The requested server figures out exactly what we’re asking for. The server builds up the right content, often pulling information from the database. In the end, a response has to be sent. That response doesn’t have to contain “a website”. It can contain any data - including files or images. The server responds with any combination of HTML, CSS, and JavaScript.
Some servers are programmed to generate websites dynamically based on the request (e.g. a profile page that contains your personal data), other servers return pre-generated HTML pages (e.g. a news page). Or both are done - for different parts of a webpage. There also is a third alternative: Websites that are pre-generated but that change their appearance and data in the browser.
For our simple case, we have a server that returns the code to display a website. So let’s continue with step 3.

Step 3 - Response is Parsed

The web server then sends the web page you requested back to your web browser. But web pages containing images and tons of text are too large to send as a single packet of data. So, to overcome this a single web-page gets pulverized in thousands of thousands of tiny packets of data each wrapped in the information needed to rebuild itself. The data sent over the Internet (and most networks) are sent in manageable chunks. On the Internet, these manageable chunks of data are known as packets. A packet envelops the transmitted data with address information so the data can be routed through intermediate computers on the network. Because there are multiple routes from the source to the destination host, the Internet is very reliable and can operate even if parts of the network are down.
When the web browser fetches data from an internet-connected server and it then uses a piece of software called a rendering engine to translate that data into text and images. This data is written in any combination of Hypertext Markup Language (HTML), Cascading Style Sheet (CSS), and JavaScript, and web browsers read this code to create what we see, hear and experience on the internet.
The browser receives the response sent by the server. This alone doesn’t display anything on the screen though.
Instead, the next step is that the browser parses the response. Just as the server did it with the request. Again, the standardization enforced by HTTP helps of course.
The browser checks the data and metadata that are enclosed in the response. And based on that, it decides what to do.
You might’ve had cases where a PDF opened in your browser. That happened because the response informed the browser that the data is not a website but a PDF document instead. And the browser tries to pick the best handling mechanism for any data type it detects.

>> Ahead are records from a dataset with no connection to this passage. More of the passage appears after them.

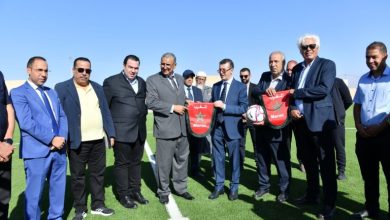 Photo of الجامعة تسلم ملعبا جديداً بأبزو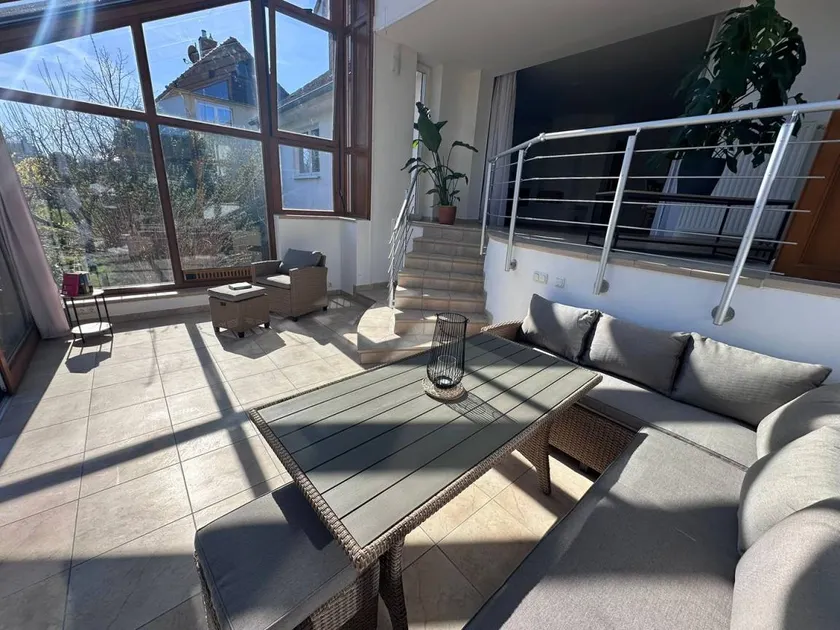 Charming Holiday Home with Free Wi-Fi, Parking and Shared Garden - Image 1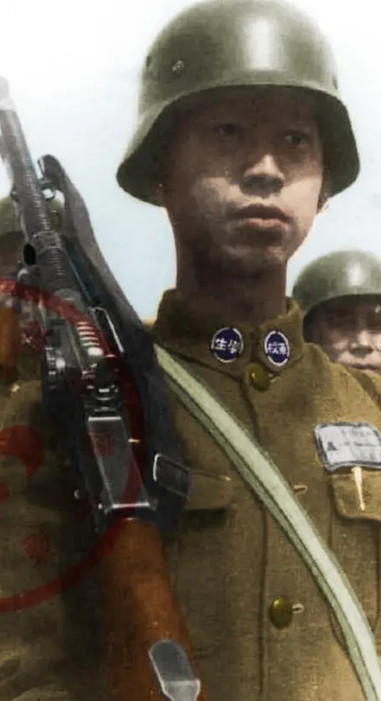 黄埔1期生马励武钻营22年才当上了军长1年就葬送了榜样部队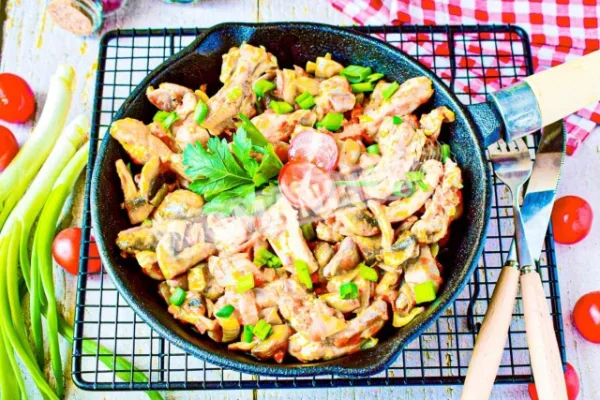 Куряче філе з грибами на сковороді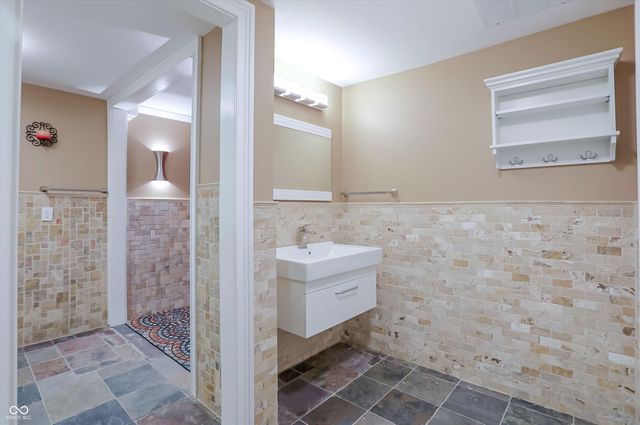 10821 Club Point Drive, Fishers, IN 46037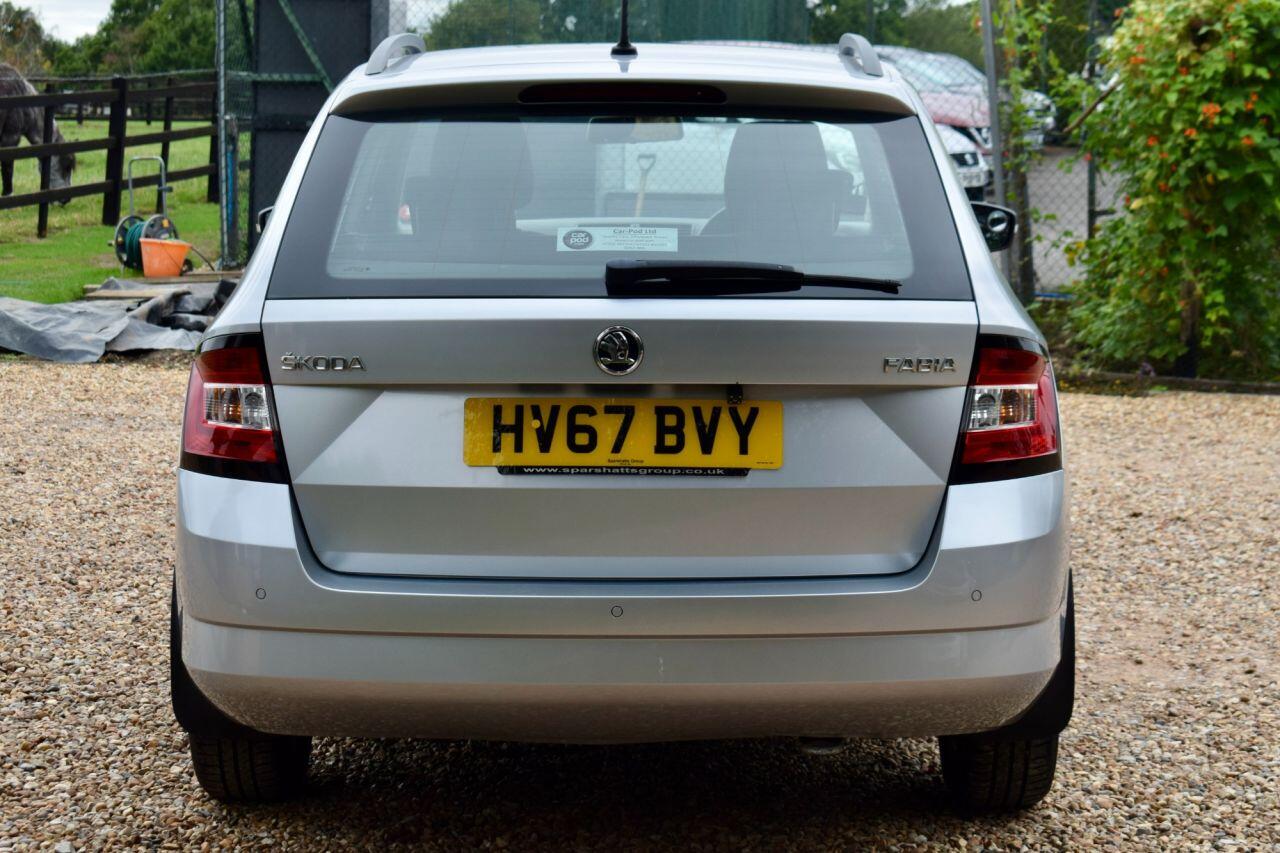 Skoda Fabia view 9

Back to our website scenario.
In that case, the response would contain a specific piece of metadata, that tells the browser that the response data is of type text/HTML.
This allows the browser to then parse the actual data that’s attached to the response as HTML code.
The browser knows how to parse HTML and now simply goes through the entire response data (also called “the response body”) to render the website.

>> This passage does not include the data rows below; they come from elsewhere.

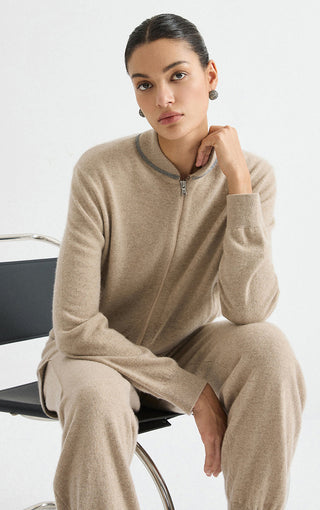 Camel cashmere zip-front knit jacket with stand collar and long sleeves
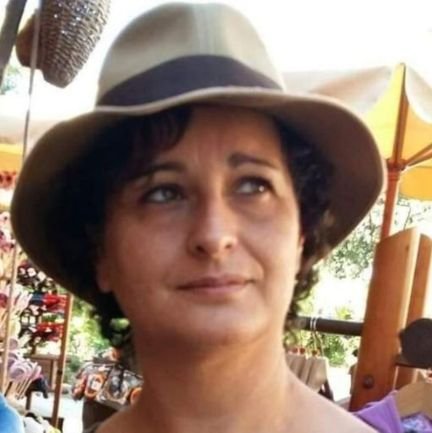 andreapest67311's profile picture. 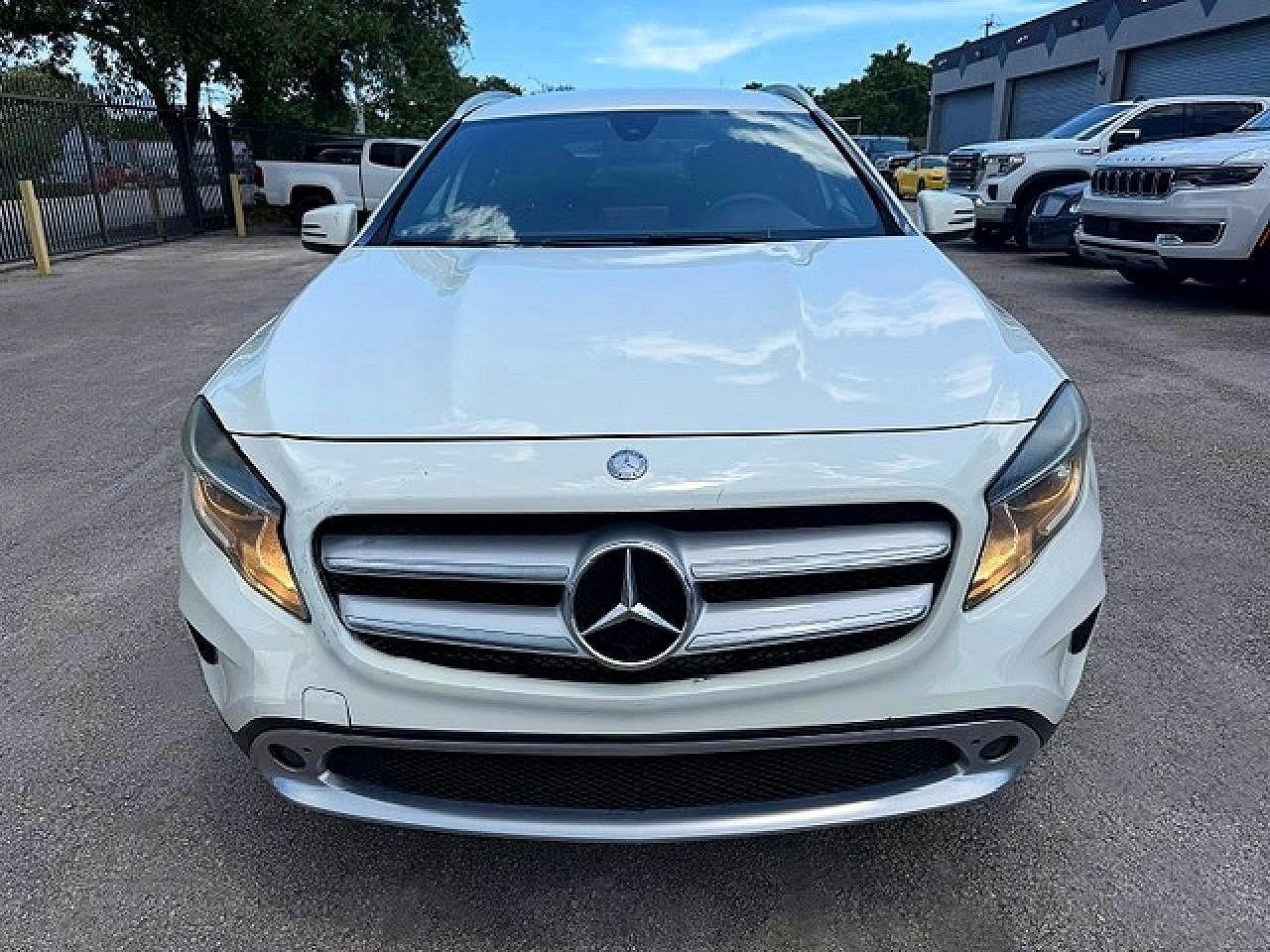 2017 MERCEDES-BENZ GLA 250 — Фото 5 из 15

Step 4 - Page is Displayed

As mentioned, the browser goes through the HTML data returned by the server and builds a website based on that.
Though it is important to know, that HTML does not include any instructions regarding what the site should look like (i.e. how it should be styled). It really only defines the structure and tells the browser which content is a heading, which content is an image, which content is a paragraph etc. This is especially important for accessibility - screen readers get all the useful information out of the HTML structure.

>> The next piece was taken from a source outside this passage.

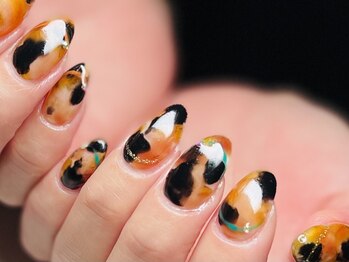 オーデリー(AUDREY)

So lets review, What we have learned so far?

The browser goes to the DNS server and finds the real address of the server that the website lives on.
The browser sends an HTTP request message to the server, asking it to send a copy of the website to the client. This message, and all other data sent between the client and the server, are sent across your internet connection using TCP/IP.
If the server approves the client's request, the server sends the client a "200 OK" message, which means "Of course you can look at that website! Here it is", and then starts sending the website's files to the browser as a series of small chunks called data packets.
The browser assembles the small chunks into a complete website and displays it to you.